Es ahí donde la enajenación como distanciamiento de las preocupaciones y las experiencias de las personas concretas convierte el cinismo en el rasgo fundamental de la expresión pública del poder. En esa dimensión, la enajenación no se manifiesta solo en el lenguaje de la revelación, la trascendencia y el misterio, sino de manera directa a través del cinismo. El reconocimiento público de ese cinismo es lo que provoca las reacciones airadas al tuit en el que la «primera dama» llama a su esposo, el presidente del país, el «dictador de mi corazón». Tal banalización, tal frivolidad, es solo posible porque lo que la gente común piensa o siente no significa nada y porque la clase que la «primera dama» representa se cree fuera y por encima de la realidad común.

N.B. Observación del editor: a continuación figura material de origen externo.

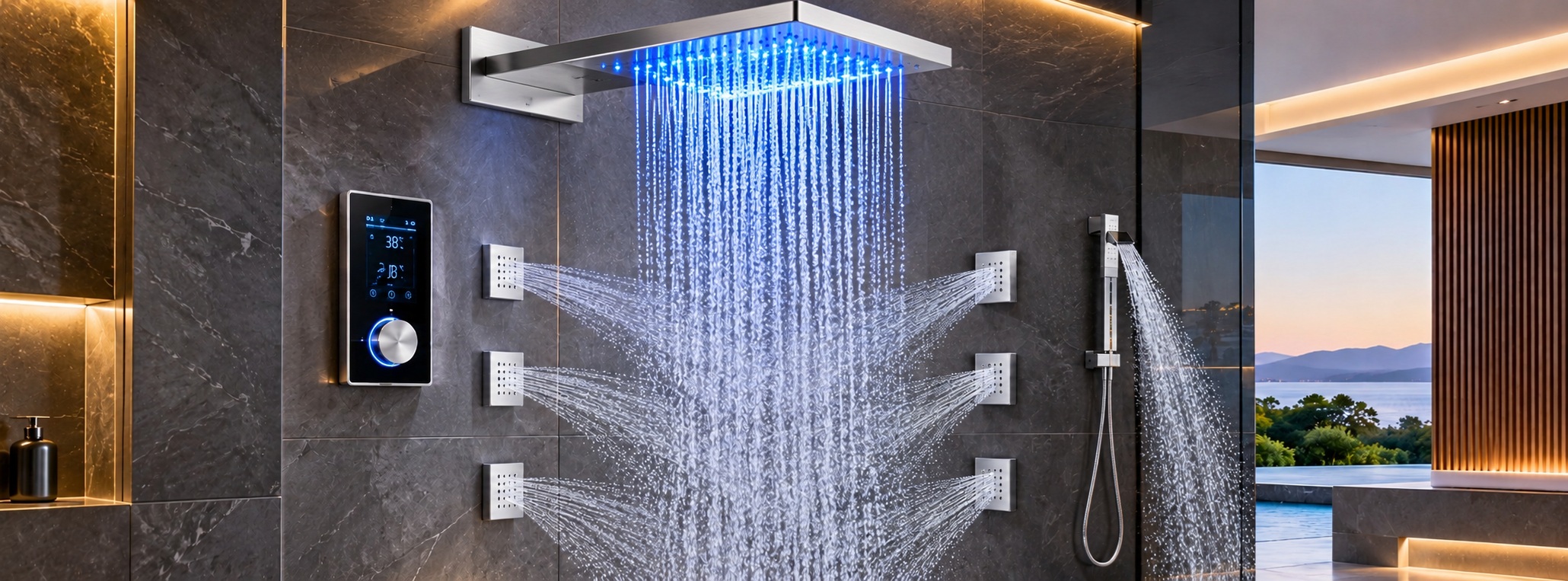 BathSelect Lano LED rainfall shower head in a luxury hospitality bathroom with digital control and coordinated shower functions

Pero la realidad termina siempre imponiéndose. En Cuba, la realidad ha hecho irrupción sobre la planitud de la imposición y el delirio ideológico desde hace mucho tiempo y de formas muy variadas. En las últimas semanas, lo ha hecho en un acrónimo: DPEPDPE. Significa «De Pinga El País De Pinga Este». Para quien no conoce el lenguaje directo de la calle pareciera, en un primer momento, un mensaje en clave. Por supuesto, en un régimen en el que las palabras pueden costar la cárcel, es de esperar que los mensajes más potentes tomen de inicio una forma críptica. Sin embargo, esa es solo la superficie del fenómeno. Una vez descompactadas esas iniciales, lo que develan no podría ser más evidente. Recogen el hastío, la angustia y también la incapacidad de encontrar sentido en una realidad que hay que sufrir, entre otras cosas, por el desprecio que la clase política siente por quienes tienen que vivirla cotidianamente.

Cualquier usuario del español cubano conoce la riqueza semántica que un simple «de pinga» evidencia. Y cualquiera que conozca la realidad cubana sabe que no hay mejor respuesta para las grandilocuencias, la vacuidad y, en última instancia, el cinismo de los discursos oficiales que un simple DPEPDPE. DPEPDPE es el contraataque de la realidad. Lo que está del lado de los subordinados —esos a quienes el poder pretende mantener siempre dóciles y en silencio— es la realidad, y esta irrumpe y agrieta por todas partes la acartonada escenografía del totalitarismo. 

Referencias

Havel, V. (1990). El poder de los sin poder. Encuentro Ediciones.

Uzcátegui, R. (2021). La rebeldía más allá de la izquierda. Un enfoque post-ideológico para la transición democrática en Venezuela. Náufrago de Ítaca Ediciones.